1 Introduction

With the development of computer vision, object detection for remote sensing images has become a hot topic [14, 16, 29, 36]. Aircraft detection in remote sensing images becomes increasingly important in both military and civilian fields, which is an active research field in remote sensing image detection in recent years. How to categorize objects and locate small-scale aircraft is one of the most important techniques during object detection. The intention of categorization is to separate objects from the background, while the aim of object localization is to locate objects by drawing a bounding box around the object.

To detect objects in the remote sensing images, researchers leverage many approaches such as machine-learning-based [17] and deep-learning-based [6, 20] detection techniques. The process of the machine-learning-based approach is described as follows. Firstly, it extracts various feature information of images, such as texture, shape, and gradient. Secondly, the feature information is fed into a Bayesian network [31] or a support vector machine (SVM) [27] to learn the features. Finally, the trained classifier is used to detect new objects. Although the machine-learning-based approach can perform the detection effectively, it suffers from complicated feature extraction. Furthermore, the machine-learning-based approach has the difficult to extract those shallow features with little feature information. As a result, the ability of the machine learning algorithm [34] is weakened. When the background of the remote sensing image is complex, it is easy to have a low accuracy of recognition. Therefore, with the development of computer processing capabilities, remote sensing image detection based on deep learning becomes the mainstream. It owns the ability of learning the multi-level features of the image from a large amount of data and the ability of classifying the objects automatically. Deep learning algorithm has the strong generalization ability and the high robustness. However, deep-learning-based detecting for aircraft in remote sensing images still needs improvement, especially for small-scale aircraft. The main reason is that the scale of the aircraft in the image is different and the small-scale aircraft are hard to identify.

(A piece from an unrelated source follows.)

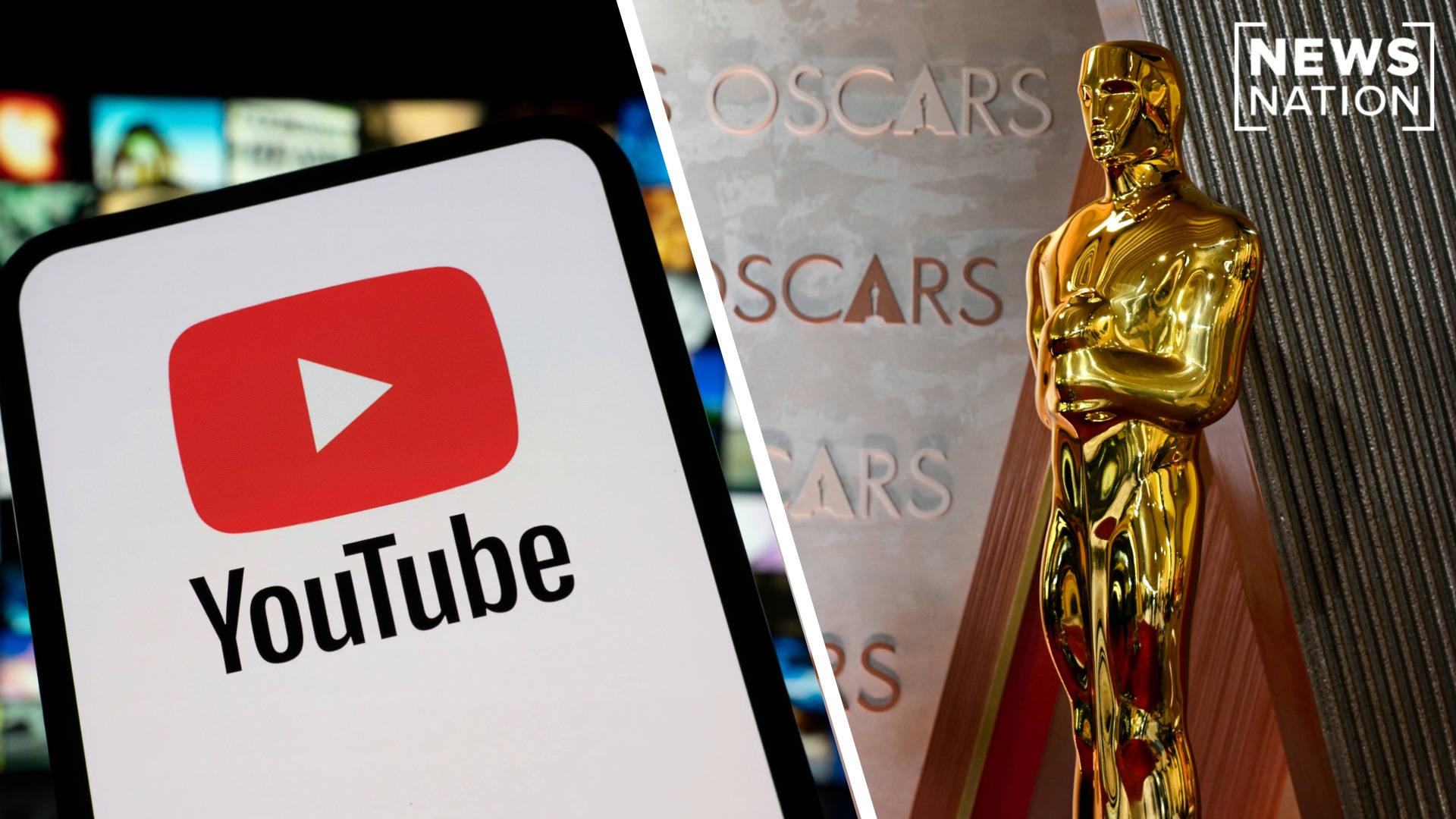 Image shows the YouTube logo next to an image of the Oscars statue.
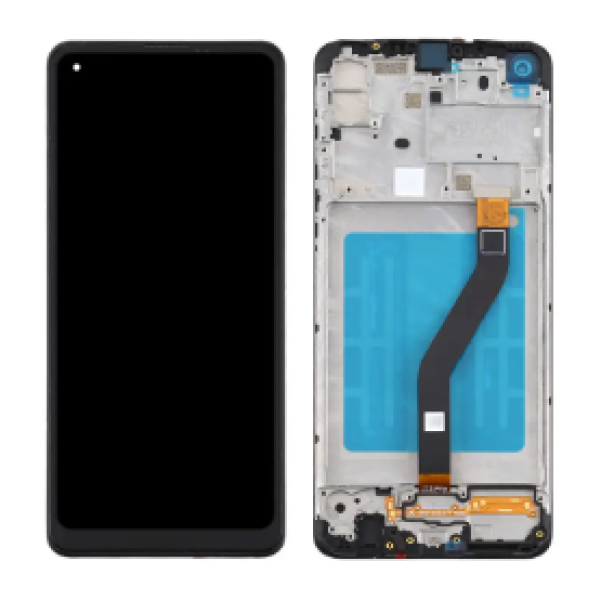 Дисплей для Samsung A215 Galaxy A21 с сенсорным стеклом в рамке (Черный) OLED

To improve the accuracy of identifying small-scale aircraft, we propose a novel approach called MFRC based on the K-means algorithm [8] and Faster-RCNN [13]. Firstly, the K-means algorithm is used to cluster the bounding box of the aircraft to improve the anchor in Faster-RCNN. The anchor tends to be the ground truth of the aircraft. Secondly, the structure of the VGG16 [18] feature extraction network is improved, where the number of pooling layers is reduced from four to two. Finally, Soft-Non Maximum Suppression (Soft-NMS) [1] is leveraged to optimize the bounding box of the aircraft. To evaluate the effectiveness of our approach, we conduct the experimentation of MFRC and compare it with other methods. The results show that MFRC achieves higher mAP than existing approaches, which demonstrates that our approach can improve the accuracy of aircraft detection.

The main contribution can be summarized as follows.

  • A novel approach based on K-means algorithm and Faster-RCNN is proposed to detect small-scale aircraft. The feature extration network and the bounding box are optimized.

  • We compare MFRC with existing approaches, demonstrating the effectiveness of our approach.

The rest of this paper is organized as follows. Section 2 introduces related work. Section 3 presents the detection approach for the small-scale aircraft based on Faster-RCNN. Section 4 illustrates the experimental results and Section 5 summarizes this paper.

2 Related works

This section examines the related works based on machine learning and deep learning approaches.

2.1 Machine-learning-based approach

Many works have been done on machine learning approach. Zhu et al. [38] employ an optimized invariant to train SVM to identify aircraft. They describe a single feature fully and effectively. Li et al [12] propose an aircraft detection algorithm based on visual symmetry and saliency detection. Their approach can accurately and quickly identify aircraft objects in remote sensing images. However, due to the lack of processing capabilities for complex environment, their approach does not obtain good accuracy. Liu et al. [15] proposed a two-stage matching strategy. The candidate object is obtained from the edge information of a image in the coarse-grained matching stage. The shape feature is used to match the candidate object in the fine-grained matching stage. This method can effectively identify the object aircraft in the remote sensing image. However, the recognition accuracy of the algorithm is determined by the shape segmentation and data of the prior object.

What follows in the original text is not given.